“Without this essential funding, how are we supposed to afford hyperbaric chambers for recovering kindergarten stars of Little Athletics?!” Liam McLoughlin weighs in.
Thanks to Prime Minister Scott Morrison’s principled dedication to socialism for the rich, Catholic and independent schools will no longer flounder with only two or three playing fields per campus.
The $4.6 billion in new funding announced Thursday will do much to allay the concerns of Catholic educators, who worried they could no longer pay for a personal priest to chauffeur every single student to and from school.
Lest critics unfairly criticise the Liberals for their one ubiquitous policy of happy endings for the wealthy and syphilis for the poor, it’s important to present a few facts in their defence.
Firstly, yes, between 1999 and 2005, John Howard did increase federal funding for each private school student by $1584, but he also increased funding for public school kids by $261, more than enough for a lifetime’s supply of carob.
Secondly, yes, 63.8% of federal funds do go to private schools, but that still leaves 36.2% for the proles, although that’s maths that might actually be quite difficult if educated at an Australian public school since Howard took office.
Thirdly, yes, total public funding for private schools has increased 9.8% compared to 3.3% for public schools over the last 10 years, but it’s not like those Olympic-size swimming pools and observatories, so vital to the sense of superiority bequeathed to private school students, are gonna build themselves.
Fourthly (can they still afford to teach such high numbers in public schools these days?), yes, the six most elite private schools in Perth, which each charge more than $20,000 in fees per student per year, received $270 million in public money over the last five years.

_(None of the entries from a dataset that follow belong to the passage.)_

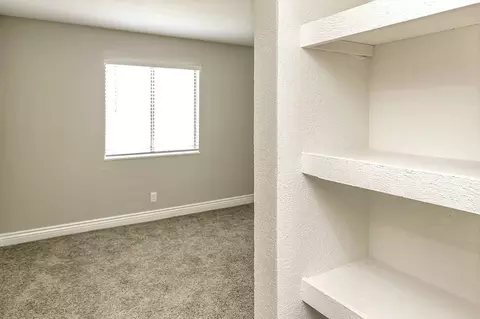 10535 Ellison Plz, Omaha, NE 68134 photo 13
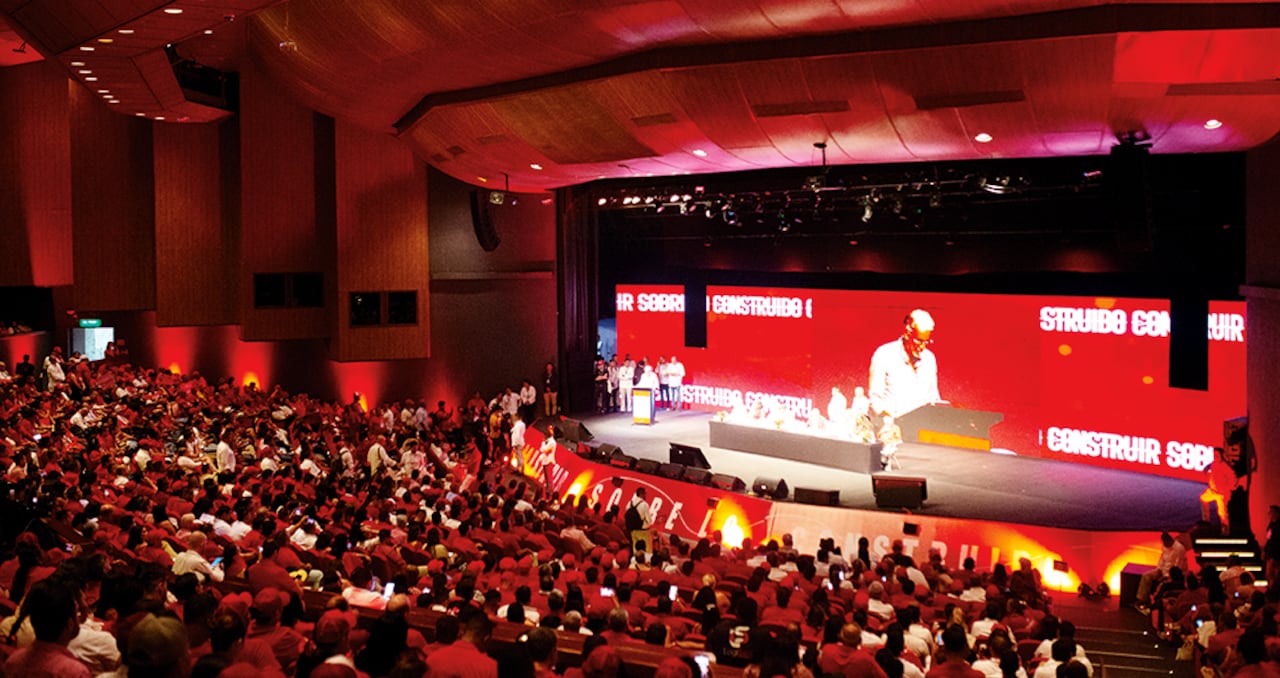 En la convención del Partido Liberal hubo personas que intentaron sabotear el evento para evitar el discurso de César Gaviria, pero este fue ratificado como jefe de la colectividad.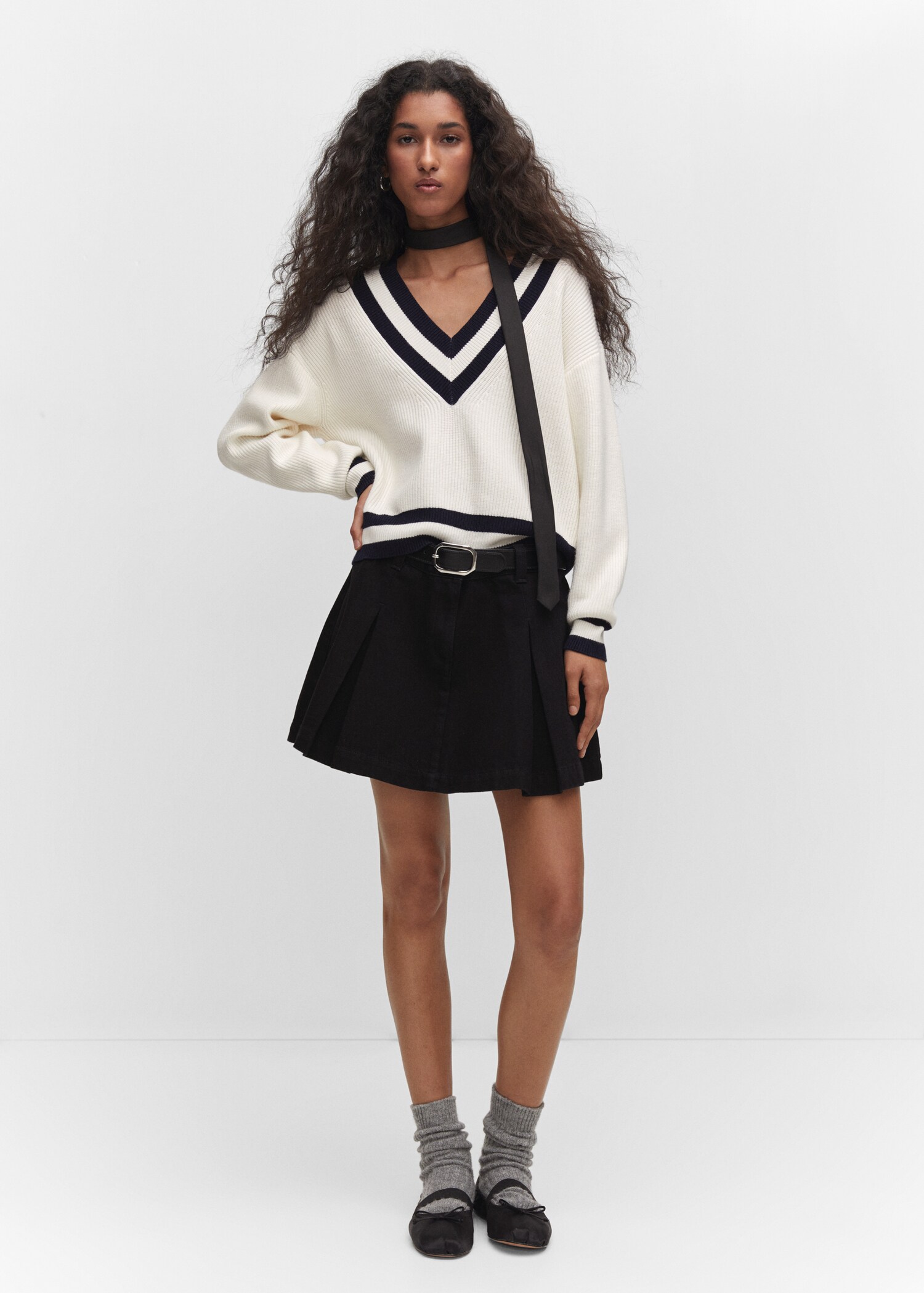 Contrasting V-neck sweater - General plane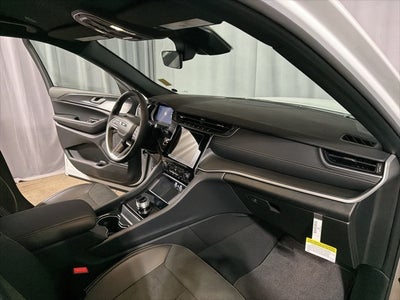 2025 Jeep Grand Cherokee GRAND CHEROKEE L ALTITUDE 4X4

But this ignores the fact that six of the poorest schools in Western Sydney each received a box of Jatz crackers.
In any case, the Liberal Government is already addressing the problem of “overfunded schools” by promising to cut their funding. The way they are going about this is quite ground-breaking in the sense they are reducing their funding by actually increasing their funding. Take Loreto Kirribilli, expecting some savage cuts to its the degustation menu at the 3-hatted school cafeteria in 2018, actually had its year-on-year funding increased by over $200,000. You’d be surprised how quickly you can blow 200K on hors d’oeuvres.
And now there’s this ingrate, NSW Liberal education minister Rob Stokes, who remembers that private schools in his home state get $6700 more per student than public schools but forgets that the Liberals need to bribe their constituents to have even a snowball’s chance in a climate-change-stricken dystopia of not being demolished at the next election.

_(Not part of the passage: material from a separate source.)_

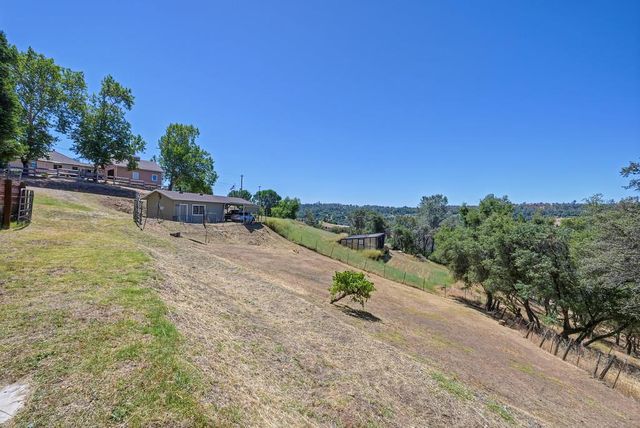 7630 Ridge Rd, Newcastle, CA 95658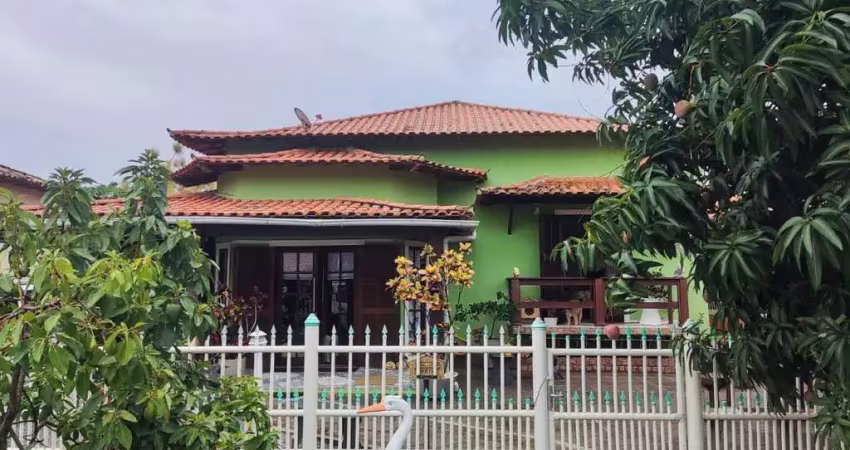 Casa em condomínio fechado com 3 quartos à venda na Rua Flor de Maio, Praia Seca, Araruama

Mr Morrison, educated in a public school back when they were funded by money rather than Iced VoVos, has reassured the plebs that this $4.6 billion will address unforeseen “needs and circumstances” over the next decade and help “Catholic schools in less fortunate areas… continue to get the support”.
He said the money would go to private schools in drought-affected areas, which is fair because we’ve long known that public schools in such areas, what with their intricate playground river systems, are drought-proof.

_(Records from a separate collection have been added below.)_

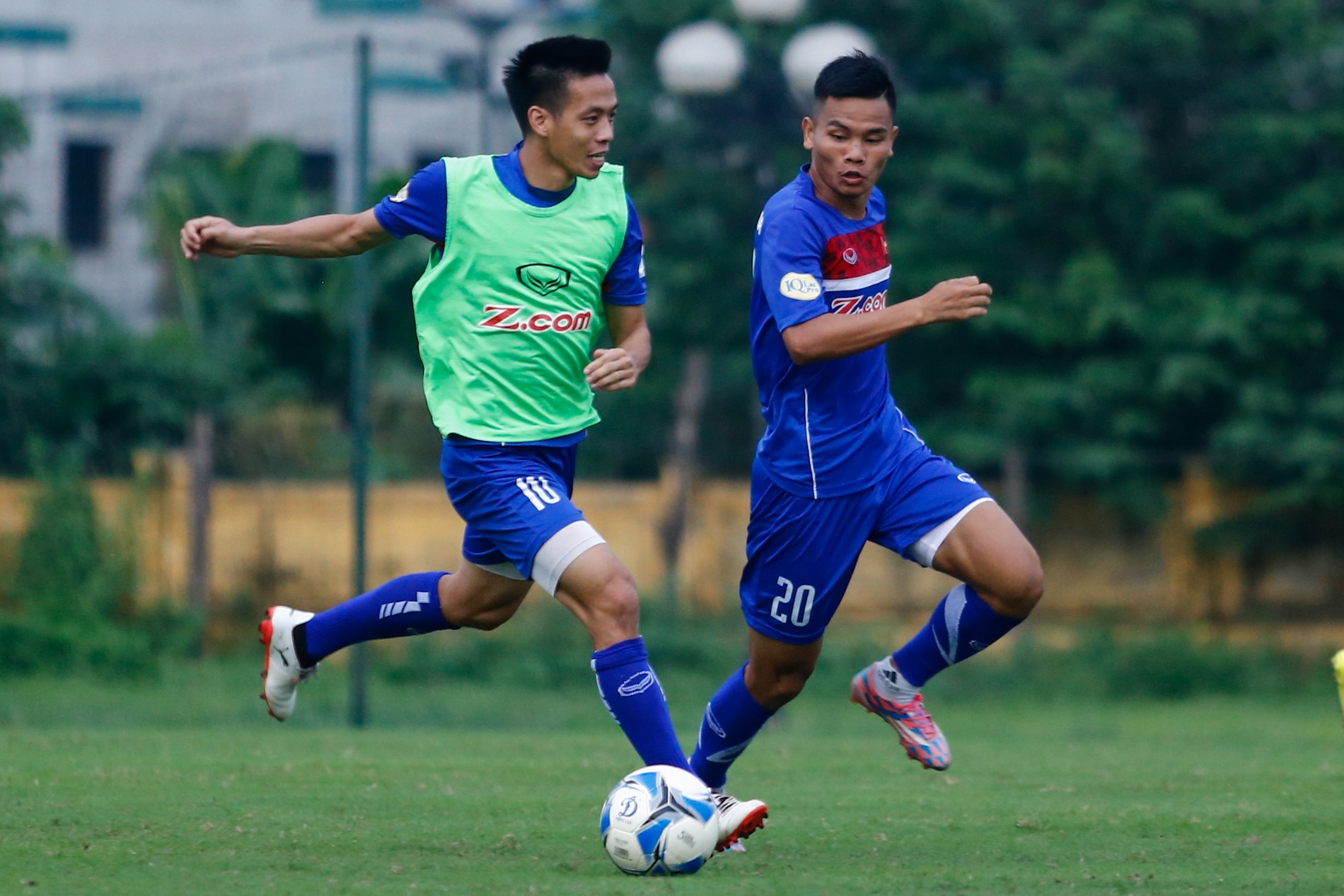 HLV Mai Duc Chung noi nong vi tien dao Viet Nam cham qua anh 1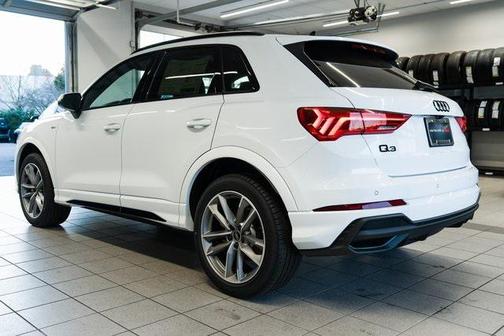 2025 Audi Q3 Premium 45 TFSI S line quattro Tiptronic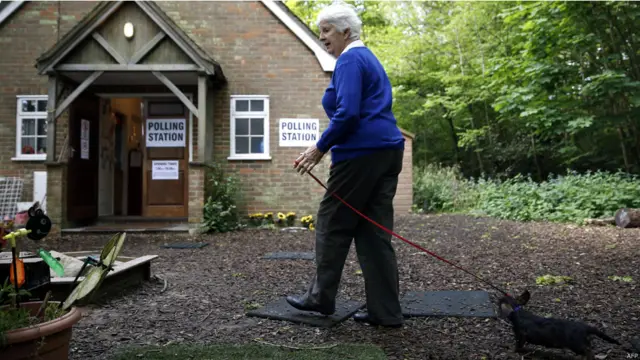 البريطانيون يدلون بأصواتهم في الانتخابات العامة 2015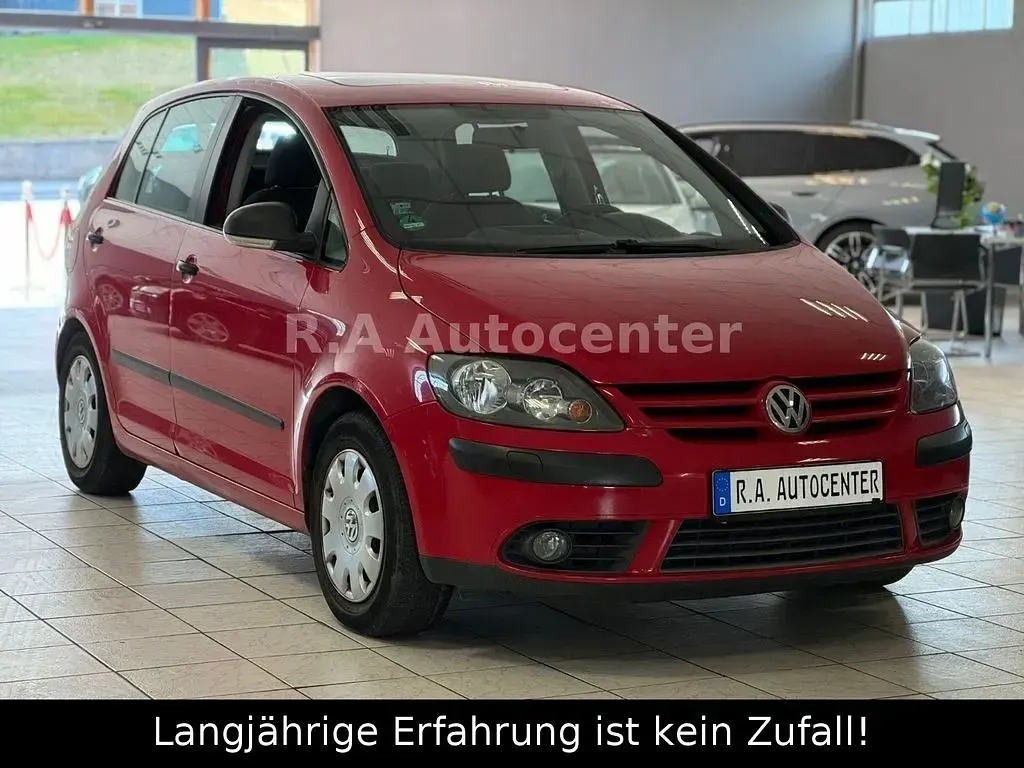 Gebraucht VW Golf VI 105 PS (77 kW) 2008 Rot Kleinwagen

He added the caveat that, “As you know the Catholic system makes decisions about how it spreads its resources that are provided to it.”
Given that private schools in general use public funds to improve facilities rather than reduce fees and Catholic schools in particular have a track record of directing funds away from poorer areas to more popular schools, the PM’s words are about as reassuring as the existence of God.